Chromecast with Google TVのSteam Linkがフリーズ(クラッシュ)するときの対処法
Chromecast with Google TV(以下、Chromecast)でインストールして使用できる「Steam Link」アプリで、ストリーミングを開始すると画面が暗転・フリーズしたり、一切の操作を受け付けなくなってしまう問題に遭遇したので、解決策を載せておきます。
問題が発生した環境
ホスト
Windows 11 Pro 25H2
AMD Ryzen 5 5600
NVIDIA GeForce GTX 1060 6GB (ドライバ: 581.80)
クライアント
Chromecast with Google TV (HD) GA03131-JP
Android 14
原因
ネット上で検索したところ、どうやらChromecastのSteam Linkではホスト側のハードウェアエンコード(CPUの代わりにGPUで映像の処理を行う機能)がオンになっているとこの問題が発生してしまうようです。NVIDIA製GPUで利用できるNVENCとChromecastとの相性の問題かと思いましたが、AMD製GPUで利用できるVCEでも全く同じ問題が発生したのでそういうわけではなさそうです。(Intel CPUの内蔵GPUやIntel Arcで利用できるQSVは未検証)

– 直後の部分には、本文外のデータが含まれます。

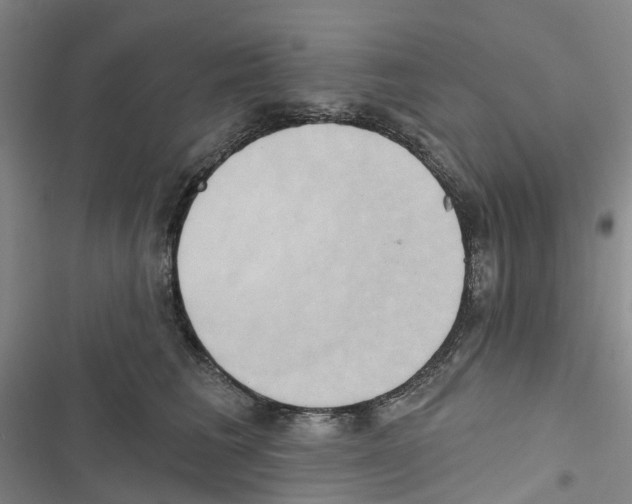 X0000116830613201001151228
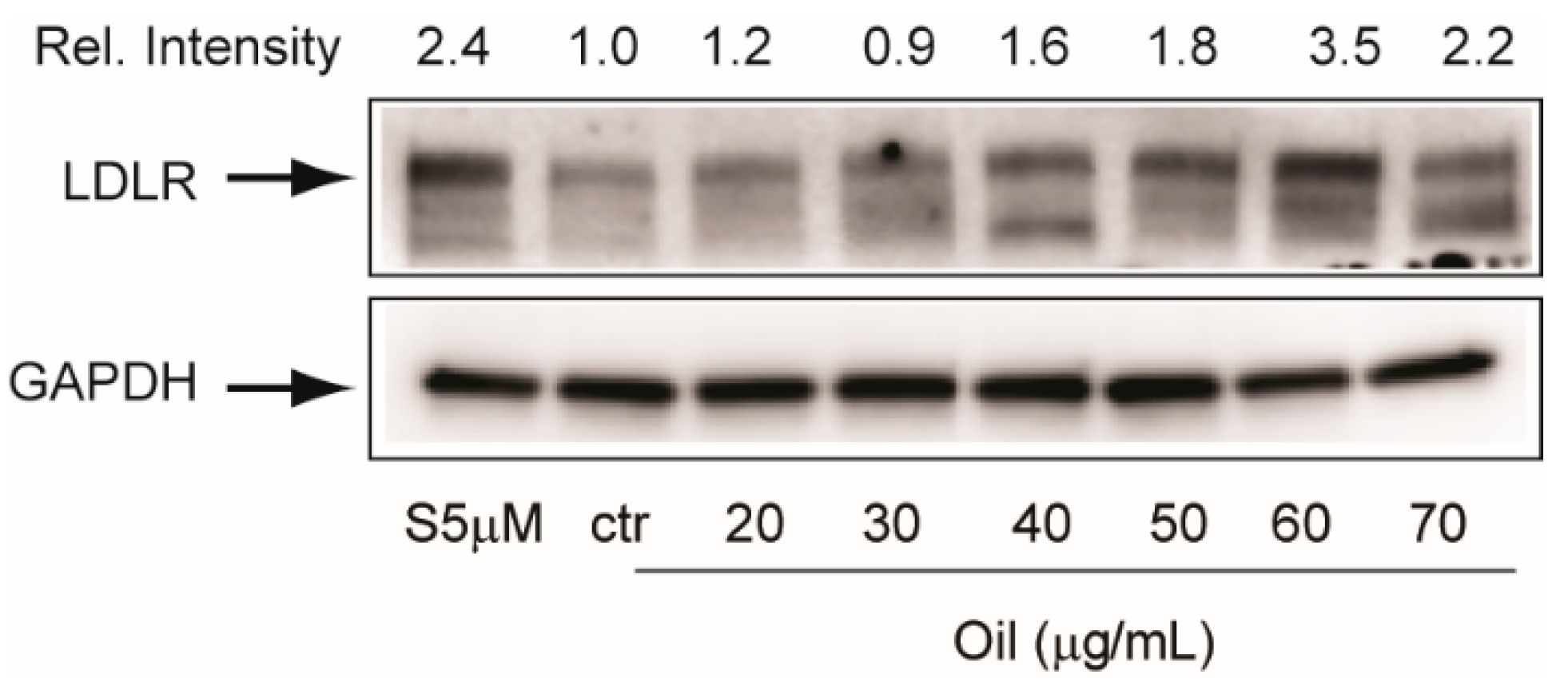 Molecules 26 03886 g005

長期的に修正されていない問題のようなので、今後修正される可能性は低いと思われます。
設定方法
Chromecastアプリ側のストリーミング設定では「ハードウェアデコード」(受信側の処理)の設定は変更できますが、今回は「ホスト側のハードウェアエンコード」(送信側の処理)をオフにしなければならないので、ホスト側のPCで設定を変更します。

(Big Pictureモードになっている場合)Big Pictureモードを終了する
Steamを開き、左上の「Steam」から「設定」を開く
「Remote Play」タブをクリックし、「ホストの詳細設定を有効化」をオンにする
「ハードウェアエンコードを有効にする」をオフにする
「ソフトウェアエンコードスレッドの数」を「自動」にする
まだ重い場合
この問題を解決してもまだフリーズや大きなラグが発生する場合、以下のことを試してみてください。
(Chromecast側)5GHz帯のWi-Fiに接続する ※超重要
(Chromecast側)本体を再起動する
(ホスト側)有線LAN接続にする ※重要
(ホスト側)ゲーム内のグラフィック設定を落とす
(ホスト側)先述の手順3で「ネットワークトラフィックの優先順位付け」をオンにする
(ホスト側)先述の手順3で「ソフトウェアエンコードスレッドの数」を手動で調整する
(ホスト側)PCのスペック(CPU・GPU・メモリ)を見直す
まとめ
ホスト側の「ハードウェアエンコード」を無効にすることで解決
無効にしてもまだ重い場合は他の設定や環境を見直す
今回はこれらの変更を行うことで解決しましたが、解決しない場合もあるかと思われます。予めご了承ください。